# Decision Tree Regressor

## Introduction
Here we got first model to predict the data. In this document we compile basic steps that need to be incorporated in ML model.

## Setup

In [None]:
import pandas as pd
from sklearn.tree import DecisionTreeRegressor
import warnings
warnings.filterwarnings("always")

melbourne_file_path = 'data/mel_housing/melb_data.csv'
melbourne_data = pd.read_csv(melbourne_file_path) 

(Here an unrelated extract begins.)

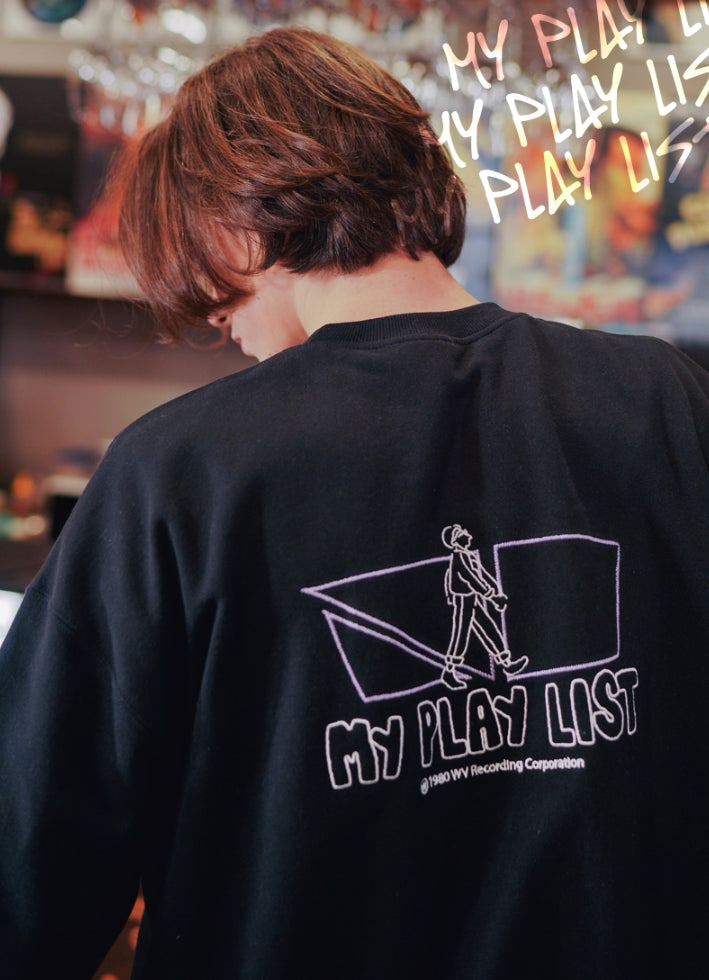 ダブルユーブイプロジェクト(WV PROJECT)  JACE SWEAT SHIRT BLACK SYMT7369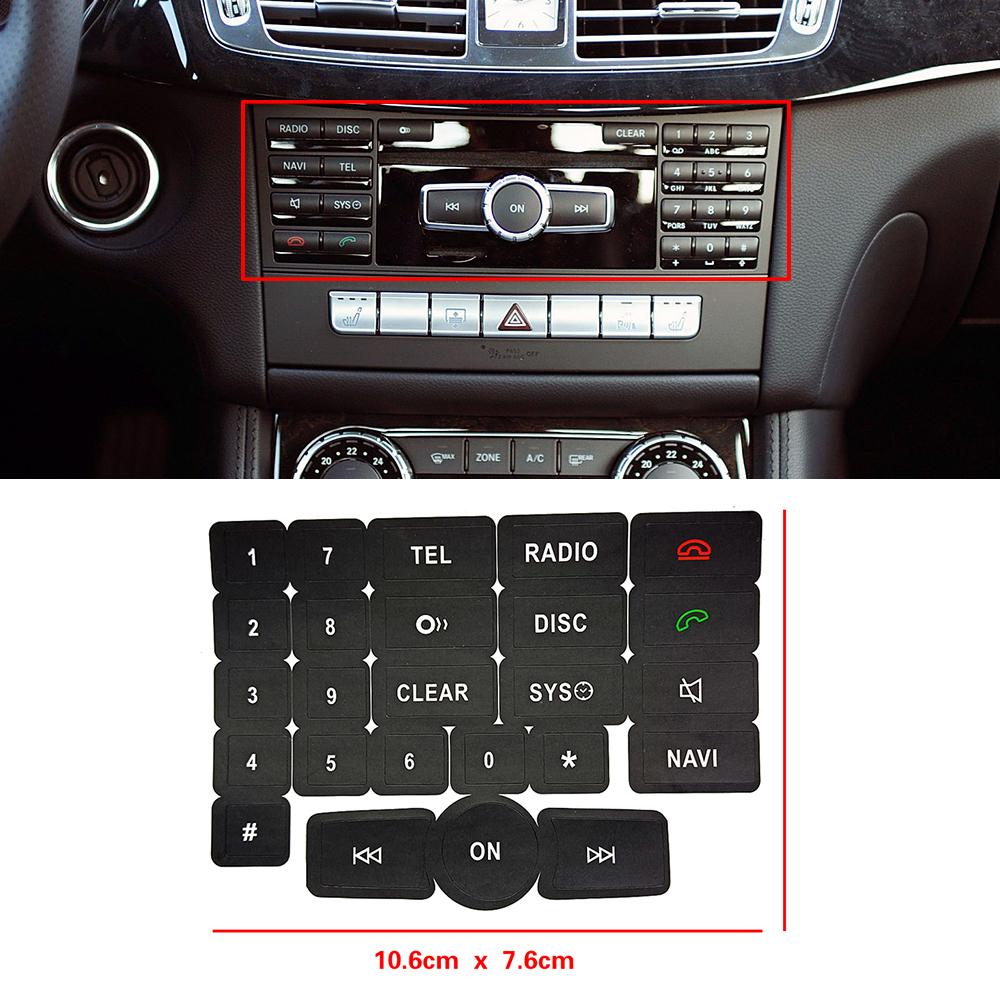 Для Mercedes Benz SLK Class R172 автомобильная центральная консоль рулевое колесо дверной замок окно кнопка переключателя переменного тока ремонт наклейка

## CleanUp and Parameters Selection
In this data there are few rows got non numerical values which could mess up the model we are using. We will remove those rows before feeding it to our model.
We also need to choose what our feature and target parameters.

In [None]:
# removing rows with na
melbourne_data = melbourne_data.dropna(0)

# setting features
melbourne_features = ['Rooms', 'Bathroom', 'Landsize', 'Lattitude', 'Longtitude']
X = melbourne_data[melbourne_features]
X.head()

# setting target
y = melbourne_data.Price
y.head()

## Splitting data to training and test
We validate the model using separate test data as model might have closely followed behavior specific to training data which might not be true in case real world data.

In [None]:
from sklearn.model_selection import train_test_split

train_X, val_X, train_y, val_y =  train_test_split(X,y)

## Train the model
We use DecisssionTreeRegressor by scikit-learn to generate a model to fit the training data.

In [None]:
# random_state can be any number. It is specified to make sure the results be same in each run
melbourne_model = DecisionTreeRegressor(random_state=1) 
melbourne_model.fit(train_X,train_y)

## Prediction 
Here we do predictions for both training data and test data for later proving a point.

In [None]:
pred_train = melbourne_model.predict(train_X)
pred_val = melbourne_model.predict(val_X)

## Evaluation
We use mean absolute error on our prediction.
We can see that our prediction seems to work better on training data than on validation data which model has never seen.

In [None]:
from sklearn.metrics import mean_absolute_error

print('training error ',str(mean_absolute_error(pred_train, train_y)))
print('test error ',str(mean_absolute_error(pred_val, val_y)))